__What you have to do__. Print the listing below verbatim, passing over each picture.

__Available data__.
_____
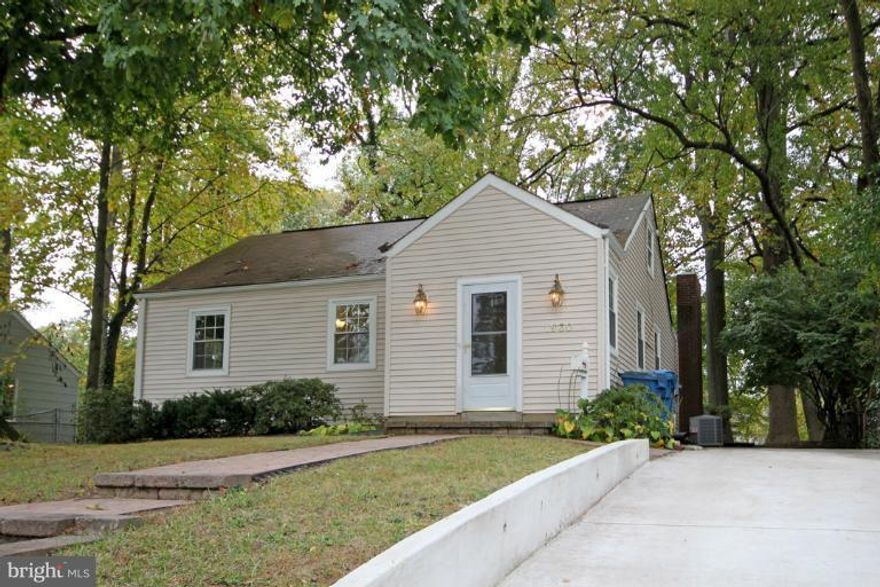 DESIGNED 4 DAILY LIVING! Lots of space! 3 Levels! Spacious fam rm w/wood burning fp & MBR suite w/full private BA addition. Hardwoods floor through out. Fresh paint. New light fixtures. Recent updated kitchen with newer appliances, refreshed cabinets. Newer heat/air, roof, siding, energy efficient windows Expanded driveway. Min to Tysons & W Falls Church Metro, NEW Silver Line/495/66/Toll Rd&more.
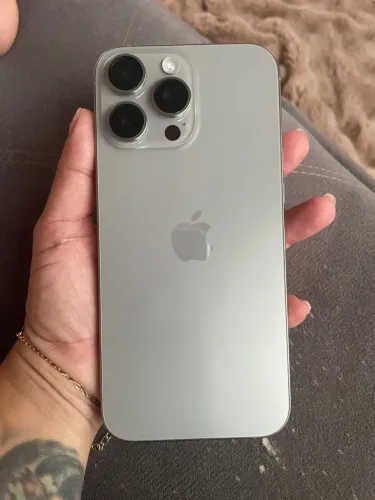 Vendo iPhone 16 pro Max 256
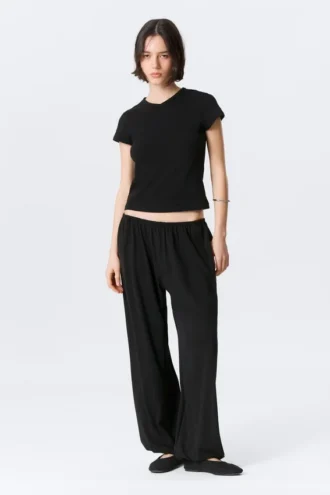 Slim Short-Sleeved V-Neck T-Shirt – Black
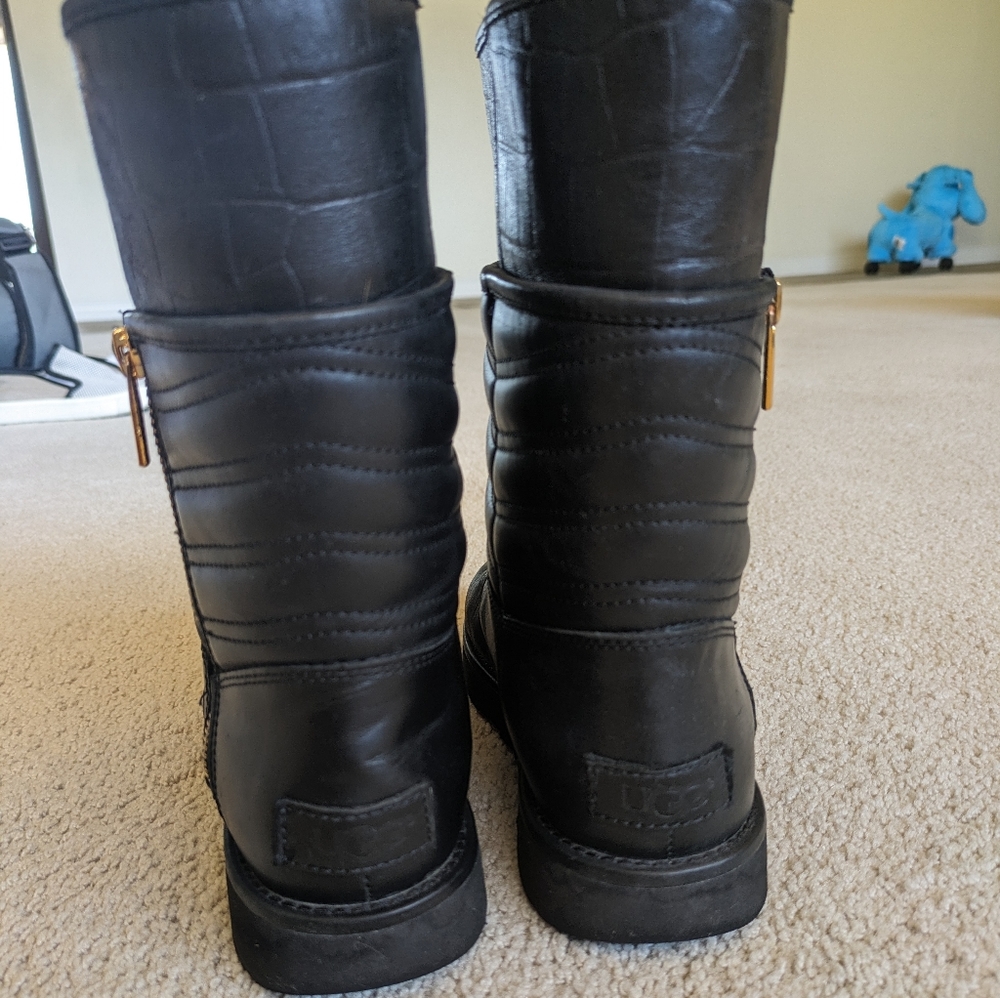 Uggs black leather - Picture 2 of 4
_____
__Task result__.
 DESIGNED 4 DAILY LIVING! Lots of space! 3 Levels! Spacious fam rm w/wood burning fp & MBR suite w/full private BA addition. Hardwoods floor through out. Fresh paint. New light fixtures. Recent updated kitchen with newer appliances, refreshed cabinets. Newer heat/air, roof, siding, energy efficient windows Expanded driveway. Min to Tysons & W Falls Church Metro, NEW Silver Line/495/66/Toll Rd&more.
 Vendo iPhone 16 pro Max 256
 Slim Short-Sleeved V-Neck T-Shirt – Black
 Uggs black leather - Picture 2 of 4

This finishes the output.